If Miller had a severe form of any of those conditions, then she still would have qualified legally under Georgia’s law for ending her pregnancy under the state’s medical exception, Francis said.

“It sounds like she just did not receive good counsel, and somebody just told her automatically that she wouldn’t qualify—which, again, is not the case,” Francis said.

By spreading misinformation about abortion laws, ProPublica endangers women, Francis said. A woman in Georgia hemorrhaging from a spontaneous miscarriage could read Surana’s article and unnecessarily drive hours to another state out of fear she couldn’t get the necessary care in her state.

Surana’s article is a real world example of how lies about abortion bans can hurt women, according to Francis.

A ProPublica spokesperson told The Daily Signal it stands by its reporting.

“The state’s committee of more than 30 experts concluded that the deaths of Amber Thurman and Candi Miller were preventable, a newsworthy finding,” the spokesperson said in an emailed statement.

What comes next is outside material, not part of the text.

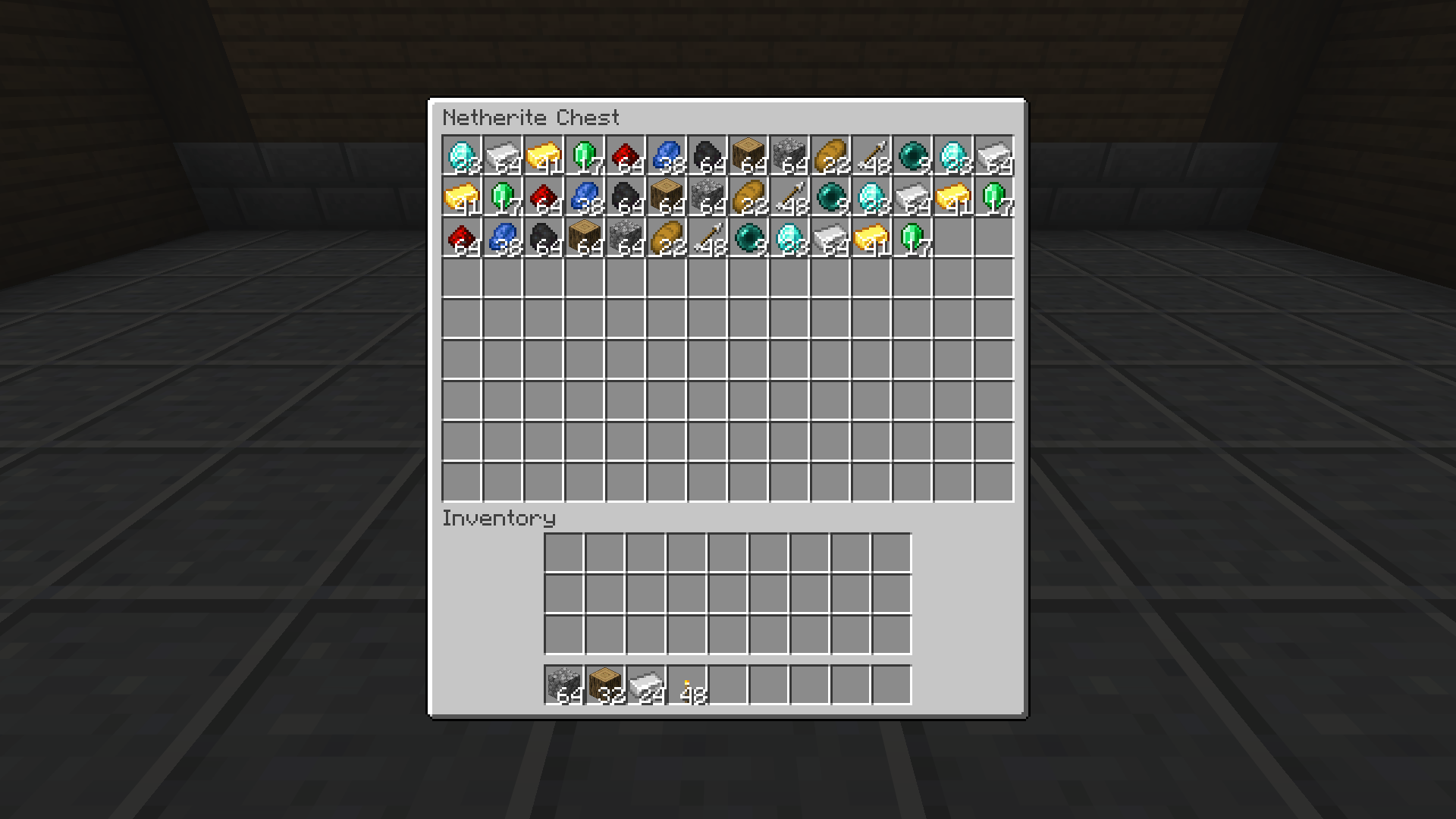 A netherite chest holds 126 stacks.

ProPublica published an article Tuesday about Amber Nicole Thurman, who died after a Georgia hospital failed to treat an infection caused by an abortion pill complication in time to save her life.

Francis said Thurman’s death is an obvious case of medical malpractice that has nothing to do with the state’s abortion ban.

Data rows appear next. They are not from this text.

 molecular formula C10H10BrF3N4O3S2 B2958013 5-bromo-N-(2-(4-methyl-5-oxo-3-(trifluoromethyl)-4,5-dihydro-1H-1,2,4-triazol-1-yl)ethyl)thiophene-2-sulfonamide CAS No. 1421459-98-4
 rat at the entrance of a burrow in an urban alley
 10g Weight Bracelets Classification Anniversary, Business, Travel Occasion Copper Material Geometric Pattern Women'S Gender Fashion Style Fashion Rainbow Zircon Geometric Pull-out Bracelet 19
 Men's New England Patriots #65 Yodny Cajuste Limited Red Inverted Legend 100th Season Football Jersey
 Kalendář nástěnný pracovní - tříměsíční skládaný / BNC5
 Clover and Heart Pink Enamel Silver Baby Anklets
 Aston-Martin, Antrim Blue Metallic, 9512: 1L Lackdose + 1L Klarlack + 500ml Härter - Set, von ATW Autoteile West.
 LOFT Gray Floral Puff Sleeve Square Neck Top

“Our ongoing reporting is illuminating the challenges doctors face in caring for patients with pregnancy complications in states with restricted access to abortion,” the spokesperson continued. “The FDA and World Health Organization have advised, based on clinical data, that the two-pill regimen of mifepristone and misoprostol is safe and effective when taken in the first trimester and deaths are exceedingly rare.”

The U.S. Food and Drug Administration relaxed restrictions on the abortion pill in December 2021, allowing women to order them online without seeing a doctor. Francis said this has endangered women.

The OB-GYN said women and physicians both need accurate information about abortion.

“Women deserve to have accurate information to know there is not a single state law in this country that will prosecute a woman if she has gone for an abortion,” Francis said, “and there’s not a single state law in the country that would prevent a physician from intervening immediately if a woman is facing a potentially life-threatening complication of her pregnancy.”

“The laws do not require that the woman be critically ill or actively dying before a physician can intervene,” the OB-GYN said.